Günümüz iş dünyasında detaylı olarak düşünülmüş ve planlanmış bir iş sürekliliği çözümü, bu türdeki risklerden korunmalarına yardımcı olabilir ve yalnızca BT altyapısının kurtarılmasına değil, işin sürekli olarak yürümesine de yardımcı olarak endüstri ve yasal mevzuatlara uyumluluk yönetimini kolaylaştırır. Bu yorumu yapan IBM Küresel İş Hizmetleri İş Sürekliliği ve Altyapı Hizmetleri Yöneticisi Ayca Tuba Konakoğlu, net bir sonuç çizdi: “Böylece şirketlerin her an, her yerden erişilebilir olmalarını sağlar.” Konakoğlu, Türkiye özelinde ise şöyle bir harita kurguladı:
“Kurumların finansal ve iş gücü kaynaklarının kısıtlı olması, kendi varlıklarını daha özenle koruma ihtiyacını doğurmakta. Türk iş dünyasının büyük çoğunluğunun yerleştiği bölgelerdeki olası deprem ve doğal afet riskleri bu ihtiyacı artırmakta.
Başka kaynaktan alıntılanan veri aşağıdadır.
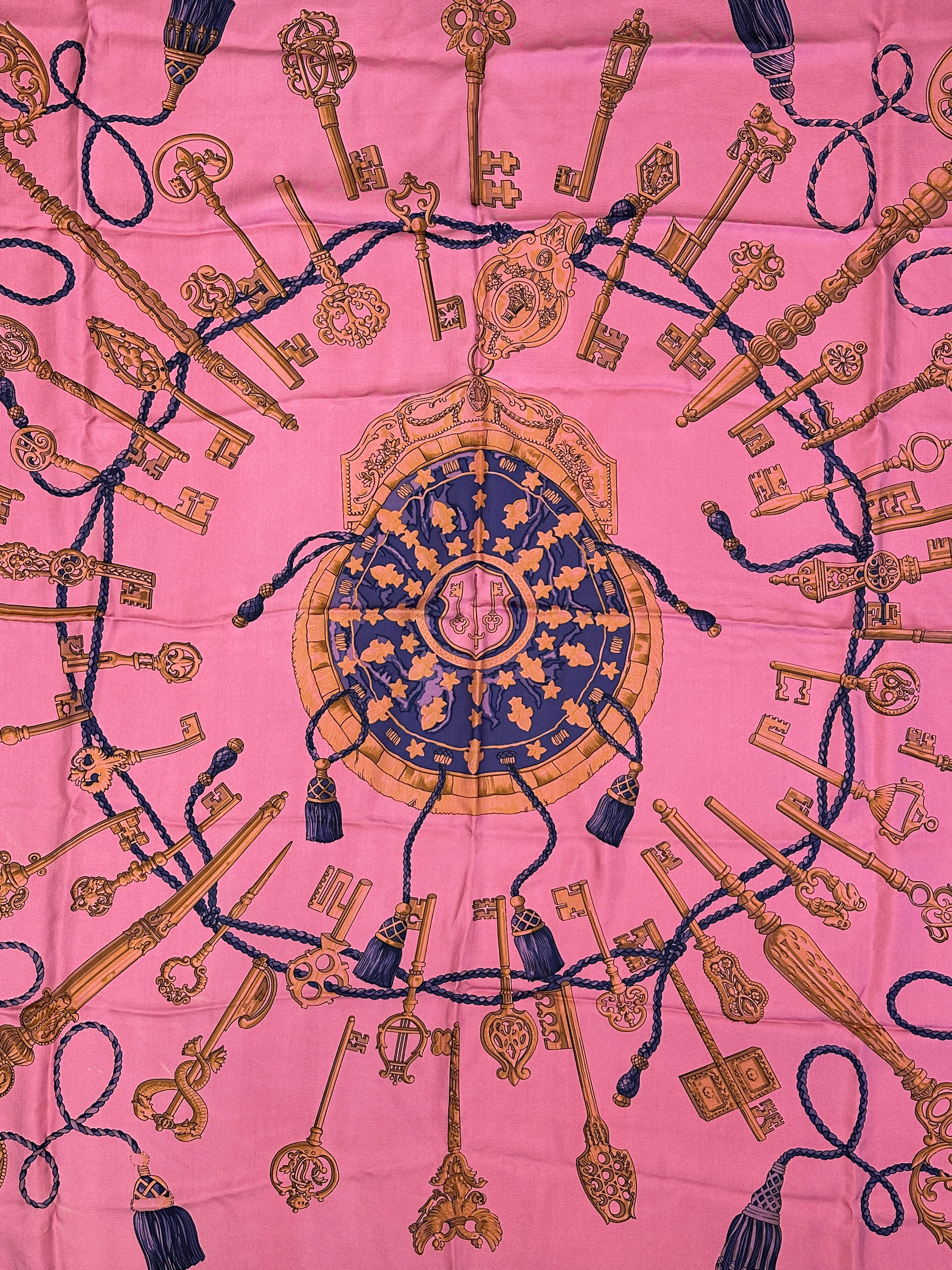 Hermès Les Cles Dip Dye Silk 140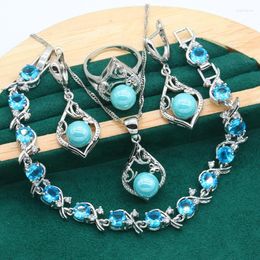 Necklace Earrings Set 2023 Wedding Silver Color Pearl Jewelry For Women Blue Zircon Bracelet Pendant Ring Christmas Gift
Marmara Bölgesi’nde ve tüm ülke genelinde depremler ve sel felaketleri, kurumların karşı karşıya kalabileceği sorunları ortaya koyan örnekler. Ayrıca, Türkiye ekonomisinin gelişmesi ile yürürlüğe konan yeni yönetmelikler iş sürekliliği hizmetini çeşitli sektör şirketleri açısından zorunlu kılmakta.”
Bilgi teknolojileri altyapısının kullanılmaya başlanması ve kurumların işlerinin tamamen bu ortama taşınması ile süreçlerin hız kazandığına işaret eden 4S Anahtar Teknoloji Danışmanı Evrim Tarımer, kurumdan hizmet alan müşterilerin beklentilerinin de arttığına dikkat çekti. Hizmetlerin çevrimiçi olarak verilmesi ile şubelere giderek işlem yapan kişi sayısının azaldığını belirten Tarımer, bunun da kurumları 7/24 hizmet verme sürecine taşıdığına dikkat çekti. Kritik hizmetlerin 7/24 hizmet verme garantisini sağlamak adına birçok standardın geliştirildiğine ve geliştirilmeye devam edildiğine işaret eden Tarımer, şu detayları paylaştı:
“ISO 22301 standardı iş sürekliliği konusunda uluslararası geçerliliği olan bir standart. Örneğin, Türkiye’de bankalar için BDDK’nın süreklilik konusundaki yaptırımları var. Türkiye’de birçok kurum ve kuruluş ISO 27001 Bilgi Güvenliği Yönetim Sistemi kurarken, iş sürekliliği gerekliliklerini yerine getirmekte. Kamu alanında e-Devlet projesi kapsamında hizmet veren kuruluşlar hizmet sürekliliği sağlamak adına iş sürekliliği ve felaket yönetimi çalışmaları gerçekleştirmekte.”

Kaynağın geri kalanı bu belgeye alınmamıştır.